[PATCH/RFC] tracing: make trace_marker{,_raw} stream-like

From: John Keeping
Date: Thu Sep 09 2021 - 10:10:08 EST


The tracing marker files are write-only streams with no meaningful
concept of file position. Using stream_open() to mark them as
stream-link indicates this and has the added advantage that a single
file descriptor can now be used from multiple threads without contention
thanks to clearing FMODE_ATOMIC_POS.

Note that this has the potential to break existing userspace by since
both lseek(2) and pwrite(2) will now return ESPIPE when previously lseek
would have updated the stored offset and pwrite would have appended to
the trace.

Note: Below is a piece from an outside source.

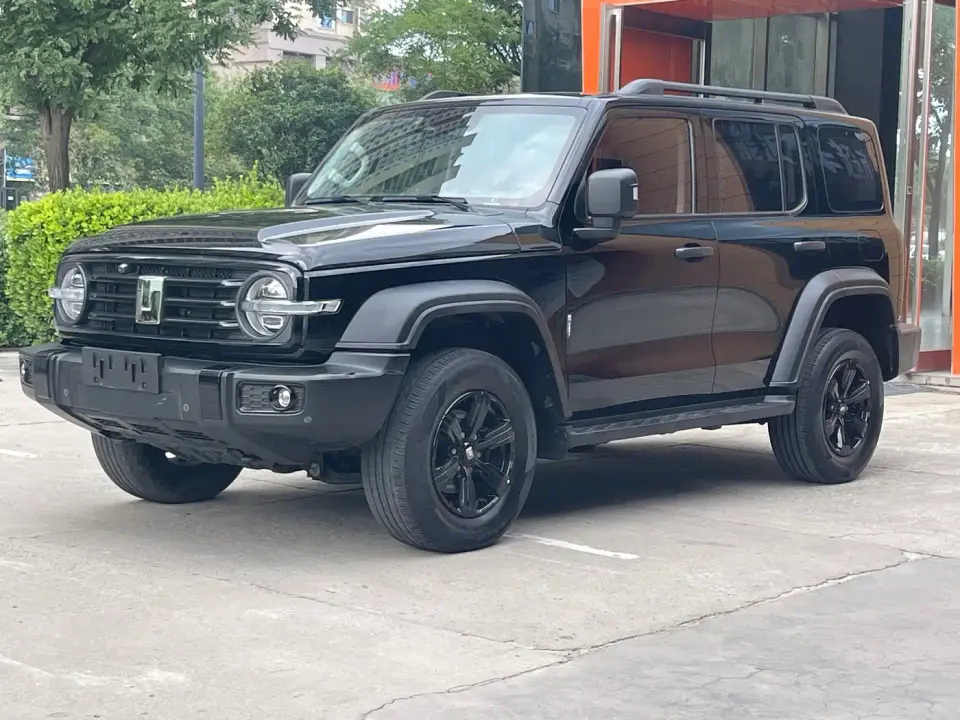 Tank 300 Off-road Version 2.0T Conqueror 2022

A survey of libtracefs and several other projects found to
use trace_marker(_raw) [1][2][3] suggests that everyone limits
themselves to calling write(2) and close(2) on these file descriptors so
there is a good chance this will go unnoticed and the benefits of
reduced overhead and lock contention seem worth the risk.

[1] https://github.com/google/perfetto
[2] https://github.com/intel/media-driver/
[3] https://w1.fi/cgit/hostap/

Signed-off-by: John Keeping <john@xxxxxxxxxxxx>
---
I'm marking this as RFC because it breaks the Prime Directive of Linux
development, as explained above. But I'm hoping this is one of the
cases where we get away with it because this is a huge improvement for
multi-threaded programs when doing the simple thing of opening a single
trace_marker FD at startup and just writing to it from any thread.

After writing this, I realised that an alternative solution to my
original problem would have been to use pwrite instead of write! But I
still think fixing this at the source would be better.

kernel/trace/trace.c | 18 ++++++++----------
1 file changed, 8 insertions(+), 10 deletions(-)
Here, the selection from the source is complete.